Last Sunday, I spoke to one of the players and started talking with him about the concept he wanted to play, as well as nailing down some of the alternative history which the campaign is set in (possibly a topic to revisit later). On Thursday, I spoke to two more of the players about their characters and got fairly good partial presentations of those.
And I noticed something which all three players did. It's understandable considering the system we'll be using for this game, but nonetheless, it's somehow ...troubling.
A Stage Set for a Particular Kind of Action
If you've been following this particular saga, you'll know that the system selected for this action is HERO System 6e, more specifically a custom derivative in the superhero genre resplendent with powers and odd special abilities.
Fun bit of trivia #1: Volume 1 of the 6e rules (affectionately called "6E1") runs approximately 460 pages.
Fun bit of trivia #2: Pp. 117–412, or 296 pages, or 64.3% of 6E1, are dedicated to the creation, customization, beefing up, limiting, or organizing of powers.
To a point, the focus makes sense. There was no Hero System in its first incarnation; it literally was Champions. The running of the superhero campaign was its only raison d'être.
Even after its outgrowth into the nebulous realm of the generic game, the presentation of powers is still critical to its purpose. Take a superpower, add incantations and gesticulations, and you have a spell. Select just the ego-based effects and use only the mental combat system, and you've got psionics. Stick superpowers into package deals, and you've got a quick and easy template for stamping out aliens. And so on. A good generic system has to have a way of handling all manner of extreme and corner cases.
The Big Rock
So, we have a system with the 800-pound gorilla of power creation mechanics. It takes up more than half the book the players will use to create their characters. It is the game's best foot, and the game puts it forward.
What do you think is going to take up most of the players' attention?
It happened in varying degrees. All three ended up focusing more on the powers the character has and less on the person behind the powers.
One of the three very nearly escaped the trap, but didn't quite. He had enough gumption to plan out things like nationality and career, but details still fell by the wayside.
One didn't simply fall for the trap, he did a swan dive into it, made nary a ripple, and didn't come up for air until days later. He was all about the power concept. Character concept, not so much.
That's the part I find troubling.
Disease, symptom, or hypochondria?
I have to consider that last possibility too. The game as I'm setting it up is 25% demo of a system other than a D&D derivative, 25% attempt to play something other than a D&D derivative, 20% scratching that persistent GMing itch, 15% attempt to find a regular group to have a non-episodic campaign with, and 15% undecided.
As part of a demo, my inclination would be to put the system's best foot forward too, and that would be the power system.
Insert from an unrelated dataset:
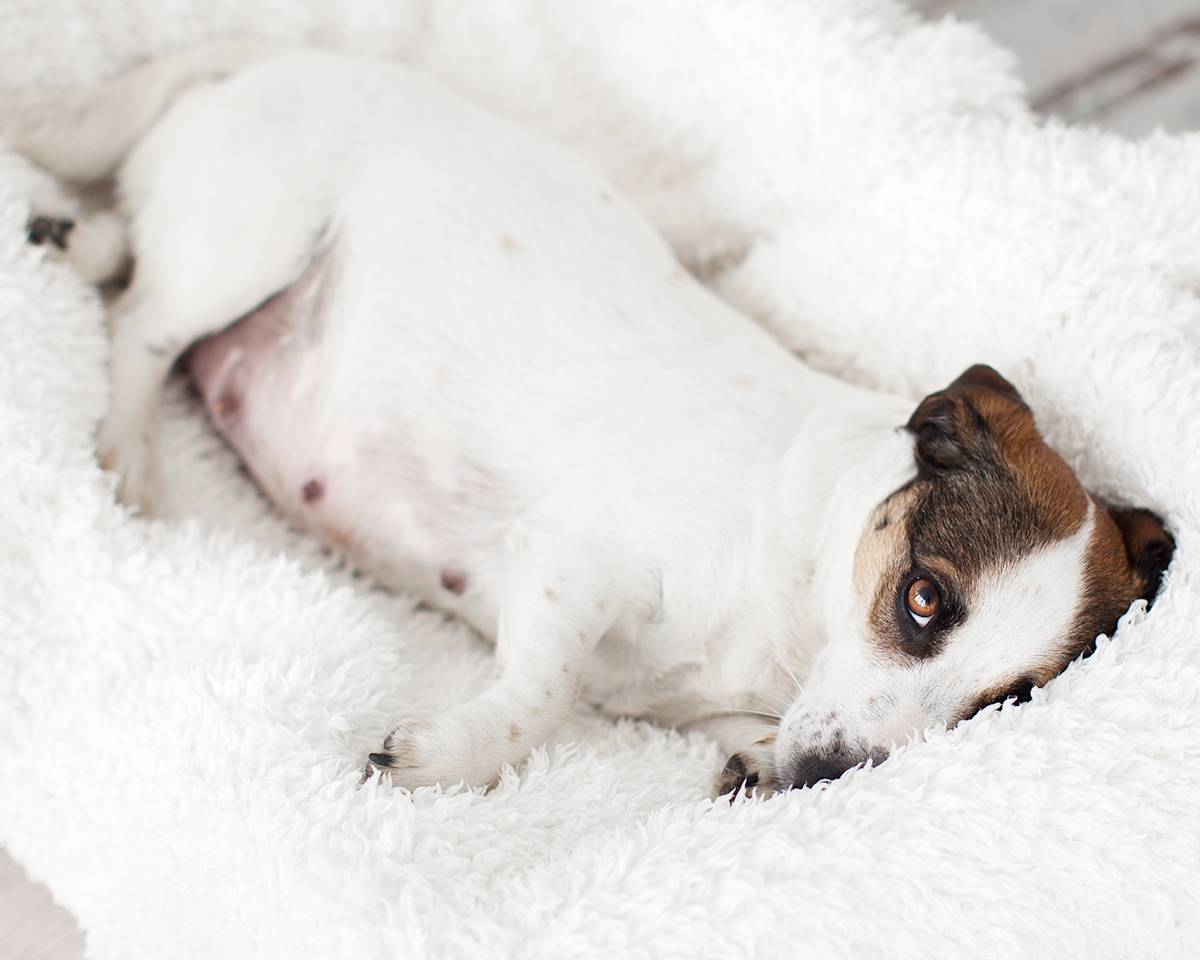 a picture of a sad pregnant jack russel type dog lying in fleece blanket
It's remotely possible that I encouraged the behavior. Does that mean there's not a problem? Maybe, or it means that I fell for the trap myself.
That thinking unfortunately draws the question back one frame of reference, from "What do we do about the problem?" back to "Does the problem even exist?" or "What is the problem?"
Well, is there a problem?
The problem is that it's possible (not guaranteed, but it can happen) that the special features of a system will sidetrack a player. Rather than focus on the character as a whole or who the character is deep down, the player's attention is lured by the system's glitter. The prognosis: Shiny, glittery characters with one or two incredibly neat features but very little substance underneath. Characters that are no so much "people" as "special effects." Or pawns.
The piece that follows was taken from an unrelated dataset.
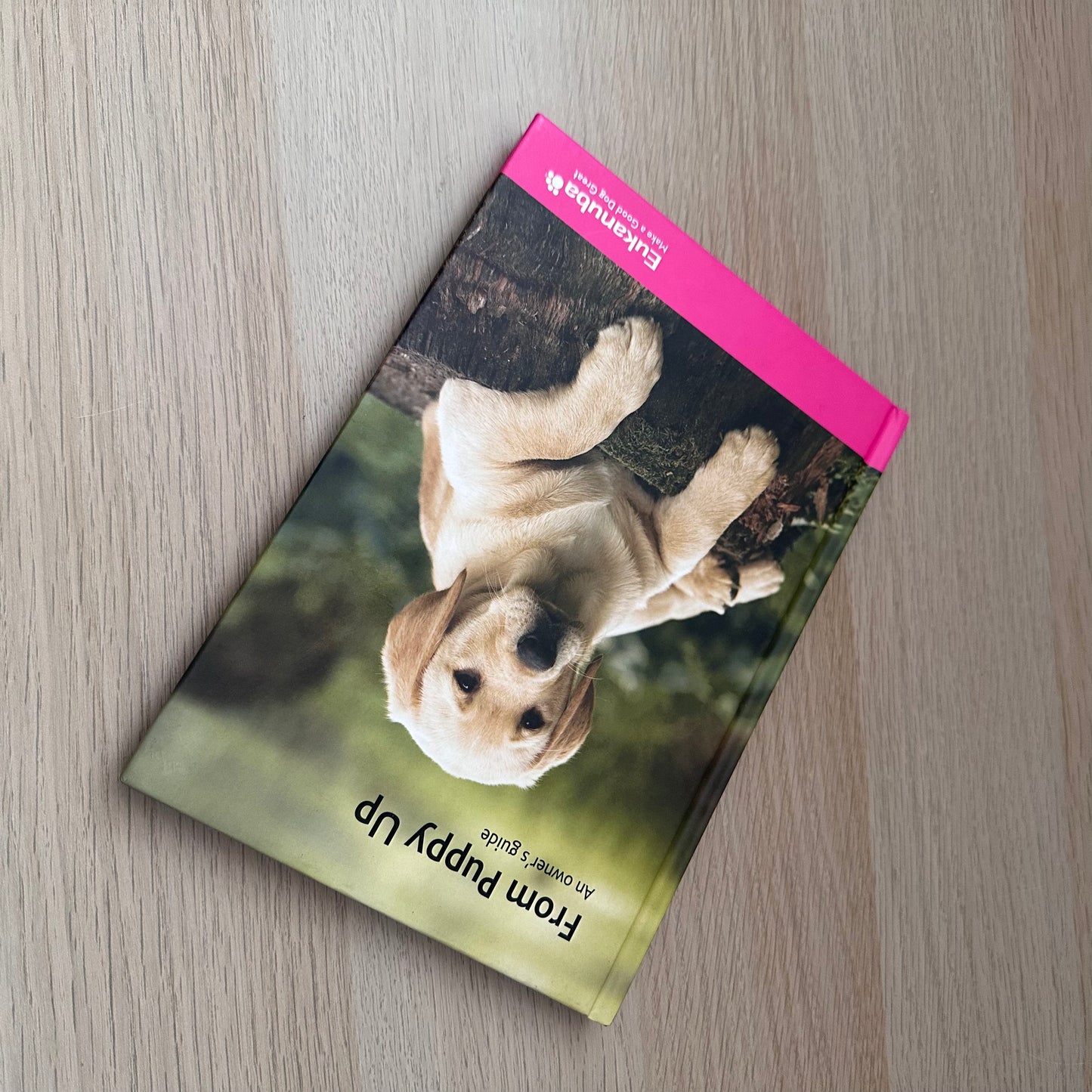 From Puppy Up: An Owner's Guide | Eukanuba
And this is happening in a pastime that is called, in theory, "roleplaying." While there are many ways to play these games—strategically, tactically, and achievement-oriented included—swinging the character around by his collected abilities feels like a serious deviation from the original intention.
Is it a problem here?
I would have to say maybe not. As I ultimately concluded in my previous post on campaign creation, if it's going to be a very short or demo campaign, not every detail has to be fleshed out to its fullest. We only need roughed-in forms, so any further decisions we make on the spot will have some shreds of guidance.
In that same way, the player characters need little more than the roughed-in forms, and the mechanical minima to function within the system. That includes things like powers.
The thing is, in HERO, that also includes things like Complications, which provide hooks for the GM to drag characters into situations. These are usually based on the character. So some systems require more character to begin with than others.
Is a solution possible?
I would think so. Some games make a bigger deal of characters than others. HERO and GURPS are the high-end cases, where very small, particular personal attributes could make it into the character. Others, often story games like Primetime Adventures and Fiasco only make hay with the most prominent character features; an entire character may fit on an index card and require 10-15 words if that. More complicated games generally require more characterization. Less complicated games make it easier to play without full characterization, but "proper" roleplaying can still be done.
If further character definition is required, perhaps a bunch of questions can be compiled, in the same way that some games provide questionnaires for campaign creation. This could be a future project.
Is a solution necessary?
That depends on what kind of game you want to play.